Shift Boundary Logic for OEE Availability Windows and Downtime Attribution

Shift boundary logic is the temporal contract that decides which crew, which day, and which planned-production window every machine-state interval belongs to, and it is one of the core subsystems of Downtime Classification & OEE Calculation. The problem is deceptively narrow: a factory floor runs on local wall-clock shift schedules, but telemetry arrives stamped in UTC, so the boundary between Shift A and Shift B is never a fixed offset — it drifts twice a year with daylight saving time, repeats or skips an hour, and lands mid-fault on a live line. This page specifies the shift-calendar contract, a production-grade Python materializer and interval slicer, the calendar-arithmetic failure modes that silently corrupt availability, and the reconciliation queries that prove every second of loaded time is attributed exactly once. It assumes upstream signal hygiene from PLC tag standardization and that downtime windows already exist from event-to-downtime mapping; this layer only slices and attributes them.

Get the boundary wrong and the damage is invisible: a fault that straddles a 22:00 handover is counted twice, a spring-forward shift reports 7 hours of planned production where there were 8, and cross-site benchmarking compares a Detroit day against a São Paulo day that began at a different absolute instant. The output still looks like a plausible percentage, which is exactly why boundary bugs survive quarterly audits.

The shift-calendar contract this layer enforces is summarized below. Every materialized shift row is a half-open UTC interval [shift_start, shift_end) carrying the metadata that OEE attribution and crew reporting depend on.

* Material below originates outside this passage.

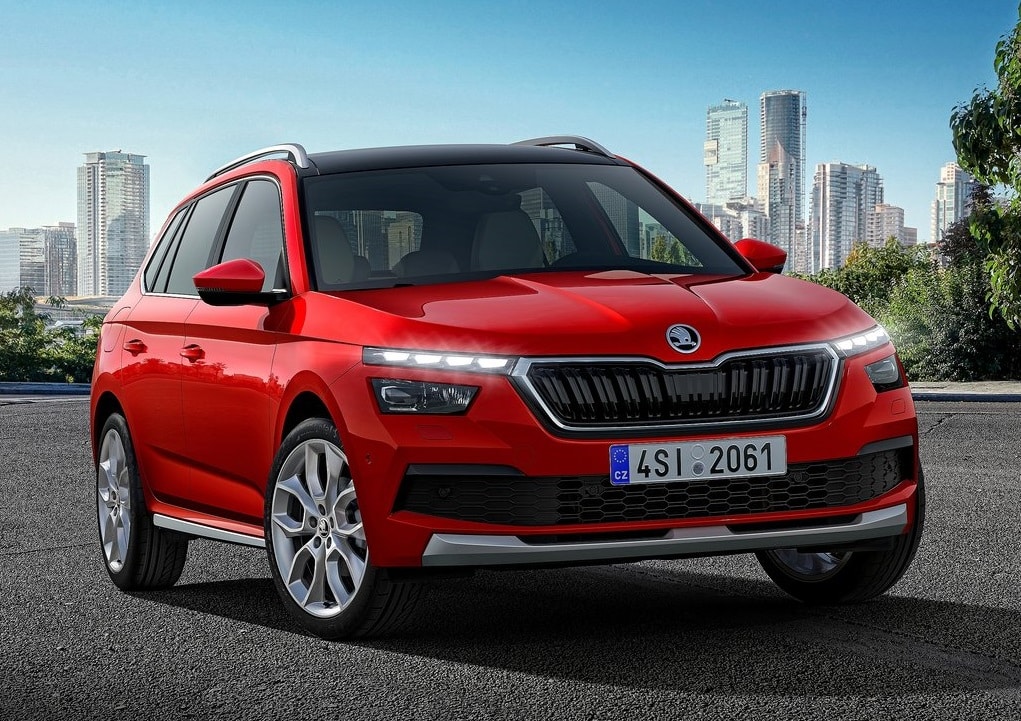 Skoda Kamiq ön görünüm arşiv fotoğrafı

Field	Type	Rule	Why it matters
`shift_id`	UUID / deterministic hash	Unique per facility + day + shift slot	Idempotent upserts; stable joins
`facility_id`	string	Maps to one IANA timezone	Wall-clock → UTC conversion is per facility
`shift_start` / `shift_end`	`TIMESTAMPTZ`	Half-open `[start, end)`, monotonic, no overlap	Prevents double-counting at handovers
`crew_id`	string	Resolved from rotation pattern (DuPont, 4-on-4-off)	Crew-level downtime attribution
`planned_production_sec`	int	Shift span minus scheduled breaks/no-demand	Denominator of the Availability term
`is_scheduled`	bool	False on holidays / unstaffed days	Excludes unscheduled time from loaded time

The Availability term these windows feed is the canonical identity used across this section:

$A = \frac{\text{Planned Production Time} - \text{Downtime}}{\text{Planned Production Time}}$

Both terms in that fraction are scoped to a single shift window, so if the window is mis-bounded, both numerator and denominator are wrong and the error does not cancel.

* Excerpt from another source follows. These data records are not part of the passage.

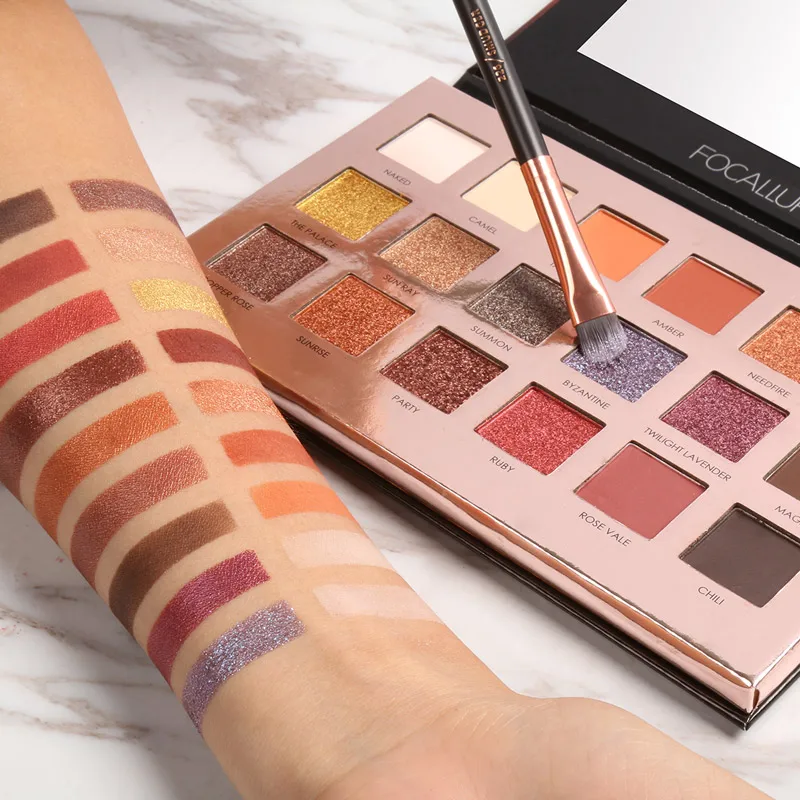 18 Colors Eyeshadow Palette Shimmer Matte Pigment Eye Shadow Cosmetics Mineral Nude Glitter Eyes Makeup Set
18 Colors Eyeshadow Palette Shimmer Matte Pigment Eye Shadow Cosmetics Mineral Nude Glitter Eyes Makeup Set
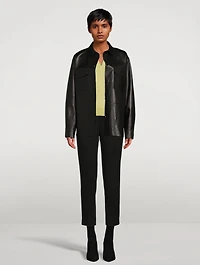 Double-Knit Slim Trousers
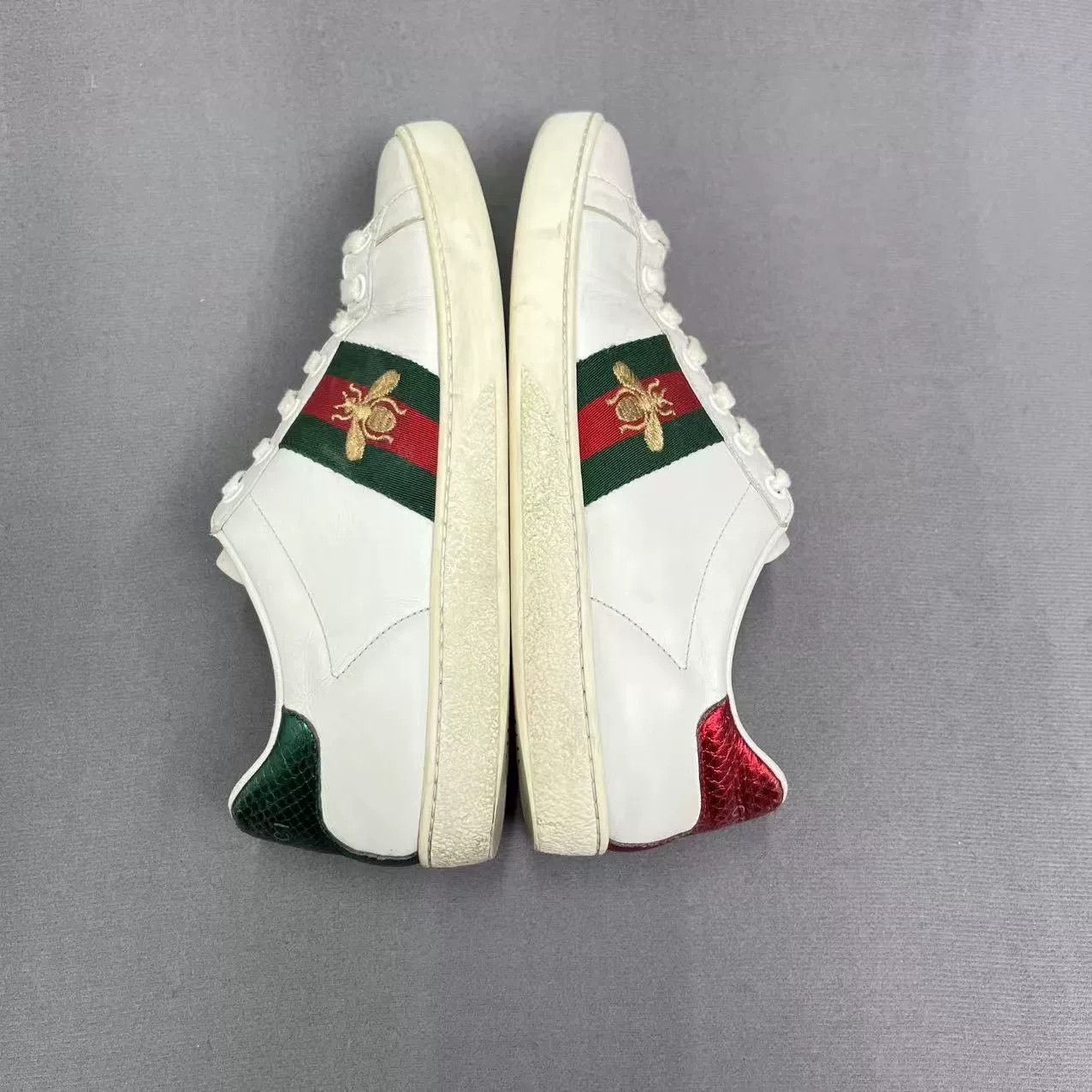 Gucci Gucci Ace Classic Bee White Sneakers Size US 5.5 / IT 35.5 - 5 Thumbnail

Core concept and design contract Permalink to this section

A shift is defined by humans in local wall-clock time — “nights run 22:00 to 06:00” — but every comparison, join, and aggregation downstream must happen in a single monotonic time domain. The first contract is therefore wall-clock definition, UTC materialization: shift slots are authored once as (local_start_time, duration) tuples plus an IANA timezone (e.g. America/Chicago), and a materializer expands them into concrete UTC [start, end) intervals for every calendar day. Never store shifts as fixed UTC offsets; an offset that is correct in January is one hour wrong from March to November.

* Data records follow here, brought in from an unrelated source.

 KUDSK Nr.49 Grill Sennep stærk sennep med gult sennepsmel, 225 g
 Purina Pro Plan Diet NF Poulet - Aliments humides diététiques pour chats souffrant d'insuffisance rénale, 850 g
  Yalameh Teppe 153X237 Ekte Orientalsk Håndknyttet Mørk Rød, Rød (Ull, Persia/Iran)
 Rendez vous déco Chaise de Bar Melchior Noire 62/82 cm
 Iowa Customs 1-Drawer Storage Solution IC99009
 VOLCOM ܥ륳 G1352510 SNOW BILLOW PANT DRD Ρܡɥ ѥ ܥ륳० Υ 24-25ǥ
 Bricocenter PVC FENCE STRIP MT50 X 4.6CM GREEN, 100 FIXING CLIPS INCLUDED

The second contract is half-open, gap-free, overlap-free coverage. Adjacent shifts must share an instant such that the day partitions cleanly: Shift A ends at exactly the instant Shift B begins, and the interval is closed on the left and open on the right, [start, end). Counting both endpoints as inclusive double-counts the boundary second across two shifts; leaving a gap drops it. This mirrors the ISA-95 separation between Level 1/2 device time and the Level 3/4 schedule that consumes it — the device emits absolute instants, and the schedule defines how those instants roll up into accountable production periods.

The third contract is DST-correct duration accounting. A standard day is 86,400 seconds, but the spring-forward day is 82,800 (an hour skipped) and the fall-back day is 90,000 (an hour repeated). Planned Production Time must reflect the actual elapsed wall-clock the crew worked, not a hardcoded 8 hours, or Availability is systematically biased on exactly two days a year. Resolving the absolute boundary instants depends on the same discipline as clock drift correction: the schedule’s notion of “now” and the telemetry’s notion of “now” must be reconciled to the same reference before they are compared.

The fourth contract is deterministic crew attribution. Rotating patterns (DuPont, 4-on-4-off, continental) assign a different crew to the same clock slot on different days. The materializer resolves crew from a rotation function keyed on the calendar date, so a downtime event is always attributable to the team that was actually on the line.

Implementation Permalink to this section

The materializer below expands wall-clock shift definitions into UTC interval rows for a date range, using zoneinfo so DST transitions are handled by the IANA database rather than by hand. It emits half-open intervals and computes per-shift planned production time net of scheduled breaks.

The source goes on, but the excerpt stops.